Du 7 au 9 novembre 2025, plus de 15 000 participants sont attendus à l’Accor Arena de Paris-Bercy. Ce rassemblement national, organisé par l’association Anuncio et une quarantaine de partenaires, interroge la place du religieux dans la société française contemporaine. En pleine mutation culturelle et démographique, le Congrès Mission ambitionne de créer des ponts entre croyants et société civile.
Congrès Mission : un événement au cœur des mutations sociales
Depuis sa création en 2015, le Congrès Mission s’impose comme un baromètre de la vitalité chrétienne en France. À l’heure où la pratique religieuse décline mais où les demandes de baptême progressent, il devient un lieu d’observation du lien entre foi et monde moderne. « Nous voulons réfléchir à la manière dont l’Évangile peut éclairer les défis sociaux et culturels », explique Solène Bert, responsable presse du Congrès Mission.
Cette dimension sociétale s’exprime aussi dans le choix des intervenants : aux côtés de théologiens et de prêtres, des entrepreneurs sociaux, artistes et éducateurs partageront leur expérience. Parmi eux, Fabrice Hadjadj, Mélinée Le Priol ou encore Mehdi Djaadi, comédien converti, aborderont la question de la transmission des valeurs et du dialogue intergénérationnel.
Le programme complet : trois jours pour débattre, prier et agir
Vendredi 7 novembre 2025
Le Congrès Mission s’ouvrira par une grande soirée à l’Accor Arena dès 20 heures, précédée de journées thématiques réparties dans plusieurs lieux de Paris. Ces sessions traiteront de la vie consacrée, du mariage, de la catéchèse, de l’engagement social et du rôle des médias dans la diffusion de la foi. Des temps de formation seront animés par les Facultés Loyola et par des mouvements associatifs comme Fondacio et la Communauté de l’Emmanuel.
Samedi 8 novembre 2025
La journée principale réunira l’ensemble des participants à l’Accor Arena.
- 9 h : messe présidée par le cardinal Dieudonné Nzapalainga, archevêque de Bangui.
- 10 h 30-18 h : plénières inspirantes, tables rondes, ateliers de terrain et forums thématiques.
- Les débats porteront sur la crise de la confiance, la prévention des abus, la liberté religieuse, la jeunesse engagée, ou encore la mission dans l’espace public.
- Un village de 140 exposants présentera des associations, fondations et projets solidaires.

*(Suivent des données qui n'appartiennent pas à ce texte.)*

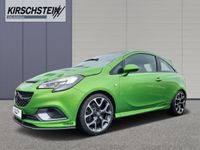 gebraucht Opel Corsa OPC 1.6 Turbo Käfig dbilas Ansaugung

À 20 h, plusieurs veillées spirituelles auront lieu dans des églises parisiennes : au Sacré-Cœur de Montmartre, à Saint-Sulpice, à Notre-Dame-de-Paris et à Saint-Eustache, où se tiendront concerts, prières, projections de films et spectacles.
Dimanche 9 novembre 2025
La matinée sera consacrée aux équipes missionnaires locales avec un atelier « Monter un Congrès Mission », puis une messe d’action de grâce à 15 heures à Saint-Sulpice conclura les travaux.
Parallèlement, un forum jeunes se tiendra le samedi soir : concert de louange, témoignages d’athlètes et temps de prière pour les 18-25 ans, selon le communiqué officiel. Quatre marches symboliques convergeront ce jour-là vers le parvis de Notre-Dame, représentant la jeunesse et la diversité de l’Église.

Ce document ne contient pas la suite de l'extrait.